Your reply should reproduce the data below without a single alteration, apart from dropping the images.

# DATA EXCERPT
########

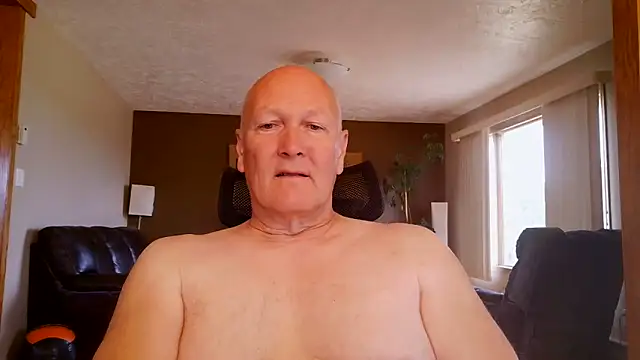 Snapshot of BasicAnt chatting on 06.16.26 BasicAnt online show from 06.16.26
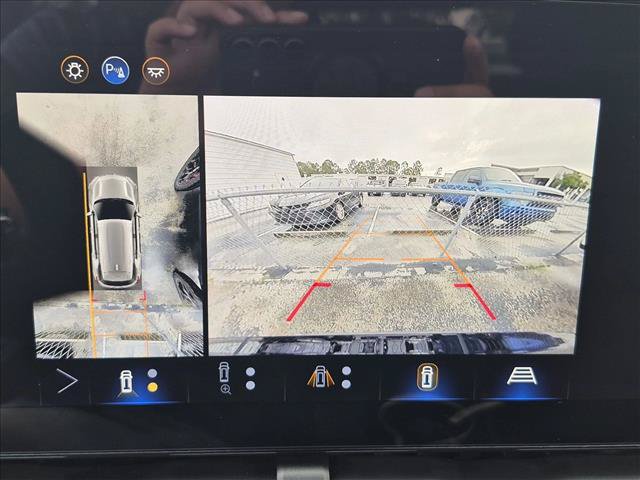 Used 2025 Chevrolet Equinox LT w/ Convenience Package II FWD image 13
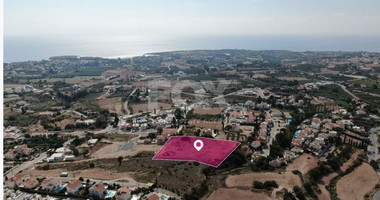 Residential field in Peyia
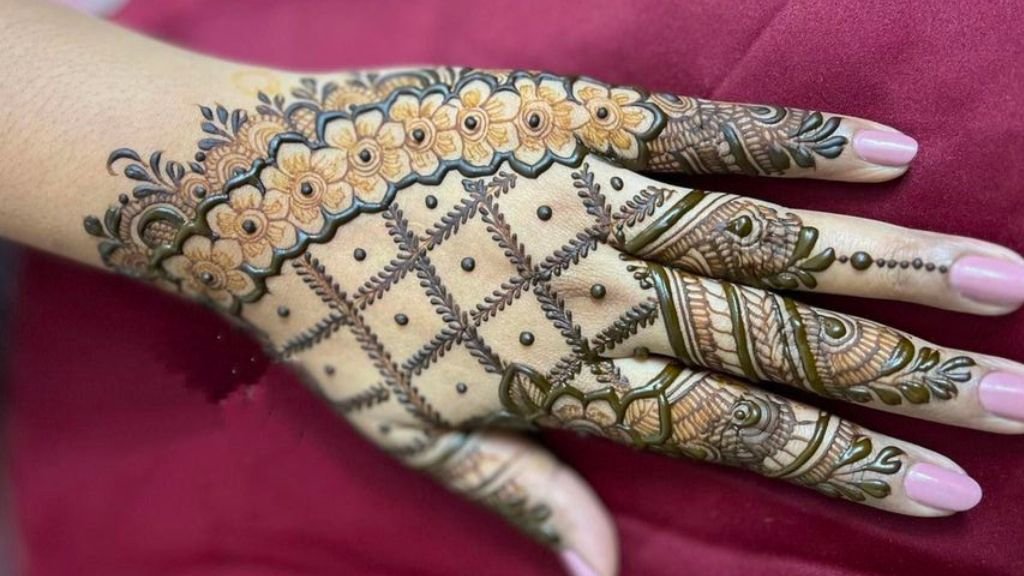 Mehndi Designs 2024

########

# ANSWER SECTION
 Snapshot of BasicAnt chatting on 06.16.26 BasicAnt online show from 06.16.26
 Used 2025 Chevrolet Equinox LT w/ Convenience Package II FWD image 13
 Residential field in Peyia
 Mehndi Designs 2024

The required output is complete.